Data shown section start

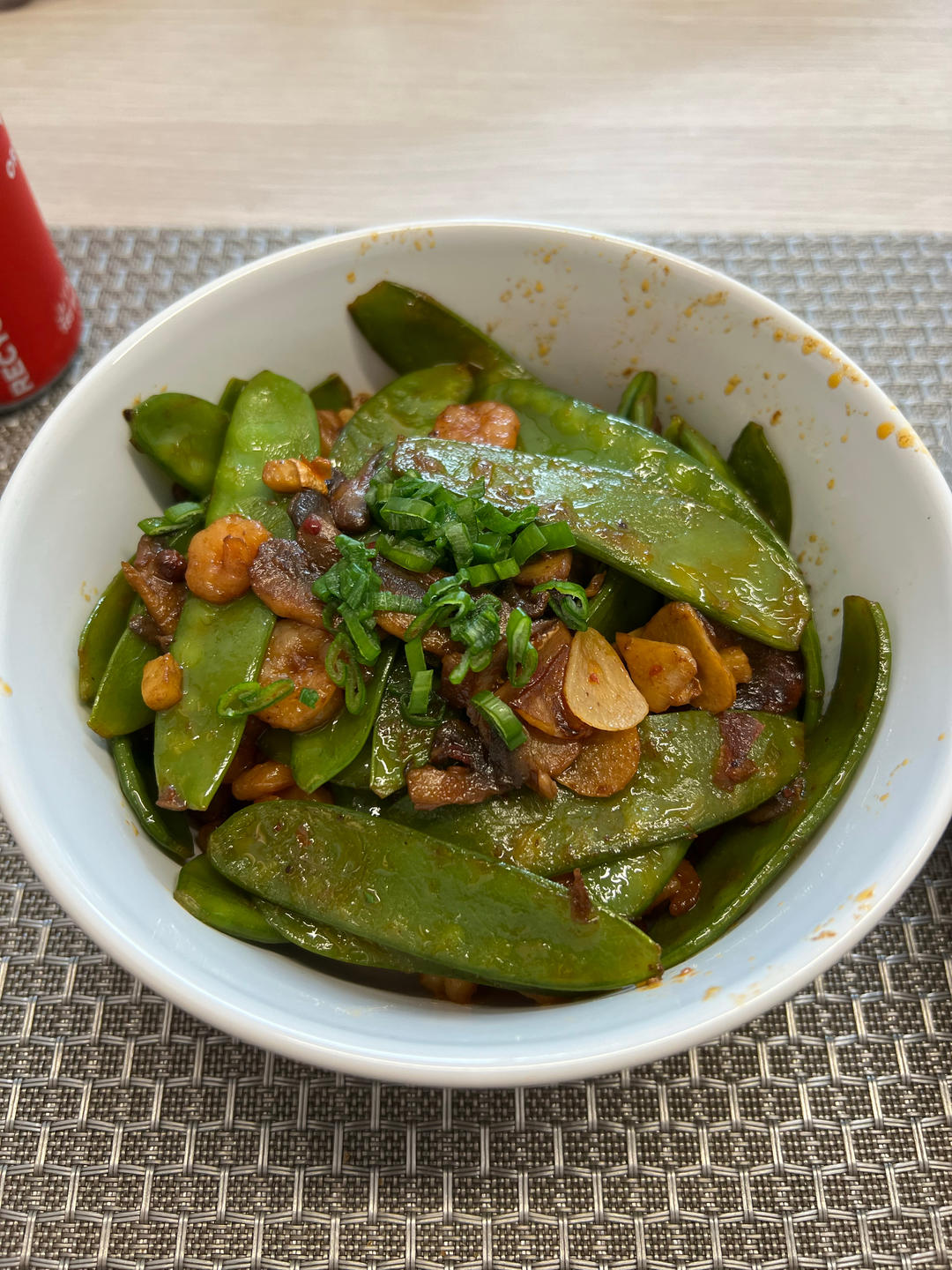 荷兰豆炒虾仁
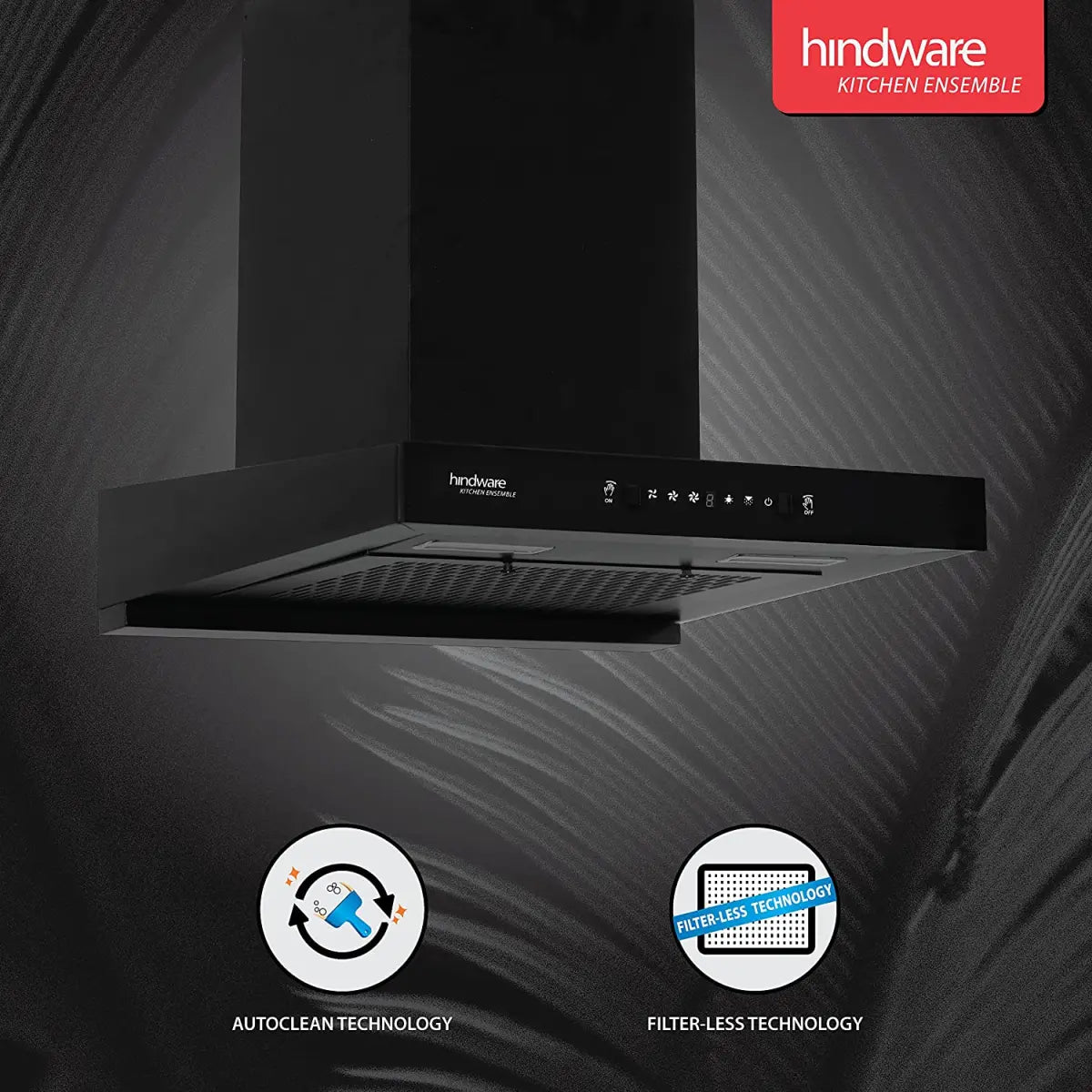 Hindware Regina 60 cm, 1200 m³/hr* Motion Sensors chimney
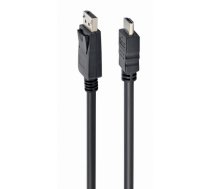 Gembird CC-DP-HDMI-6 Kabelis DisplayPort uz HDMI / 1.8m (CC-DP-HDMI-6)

Data shown section end
Data shown section start

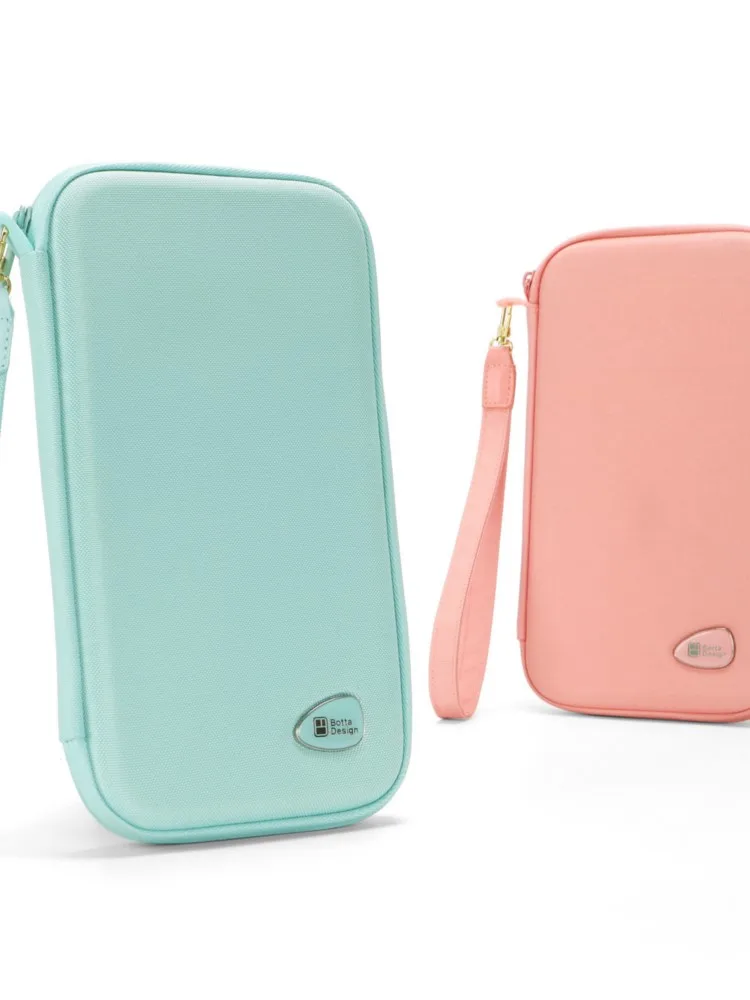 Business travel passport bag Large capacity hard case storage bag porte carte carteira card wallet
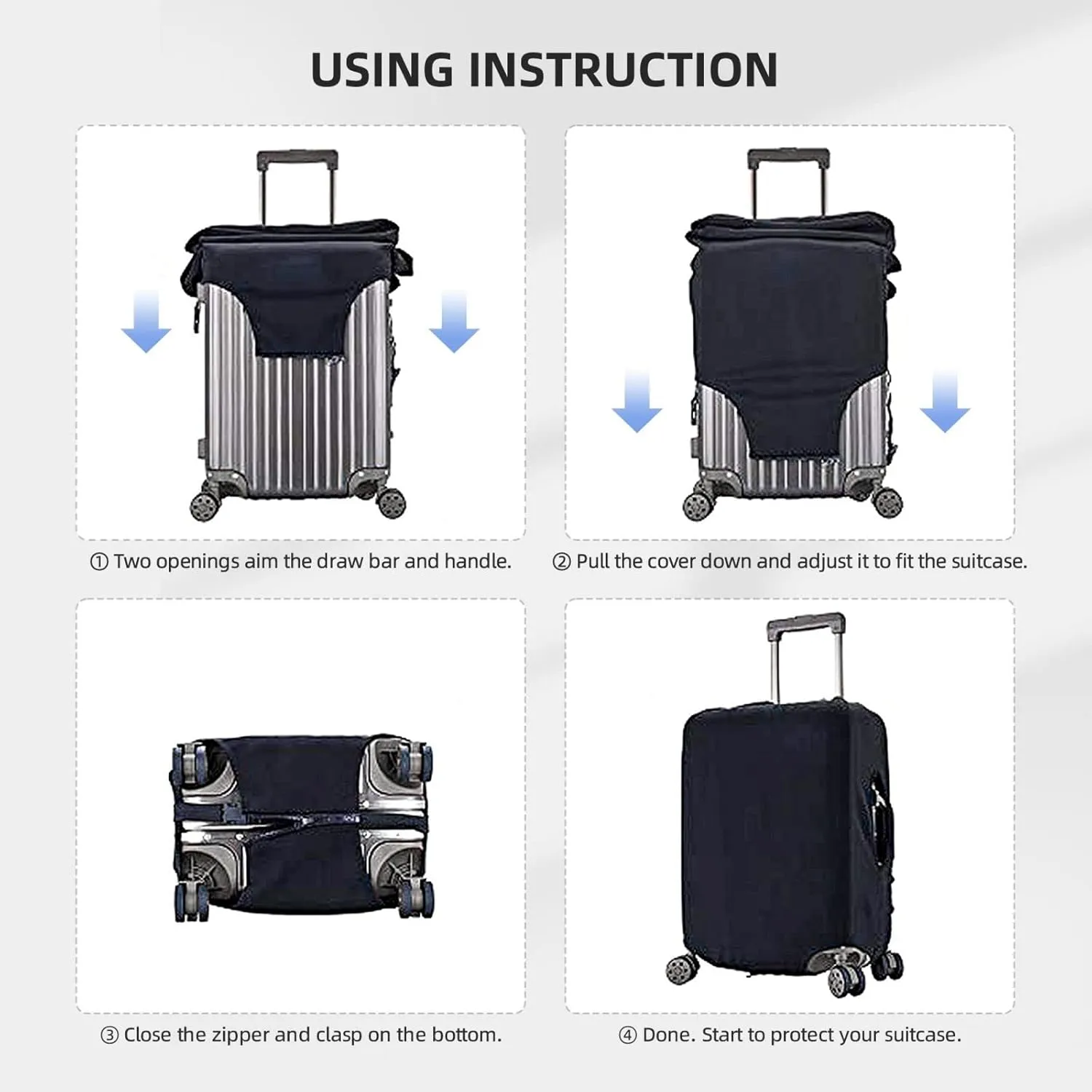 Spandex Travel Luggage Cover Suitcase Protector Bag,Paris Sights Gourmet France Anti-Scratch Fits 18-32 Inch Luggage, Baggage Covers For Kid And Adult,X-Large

Data shown section end

→ Exercise aim
The response must repeat exactly the lines above from the one with "Business travel passport" through the one with "Spandex Travel Luggage", including both, and must contain no pictures and no other text.

→ Task solution
 Business travel passport bag Large capacity hard case storage bag porte carte carteira card wallet
 Spandex Travel Luggage Cover Suitcase Protector Bag,Paris Sights Gourmet France Anti-Scratch Fits 18-32 Inch Luggage, Baggage Covers For Kid And Adult,X-Large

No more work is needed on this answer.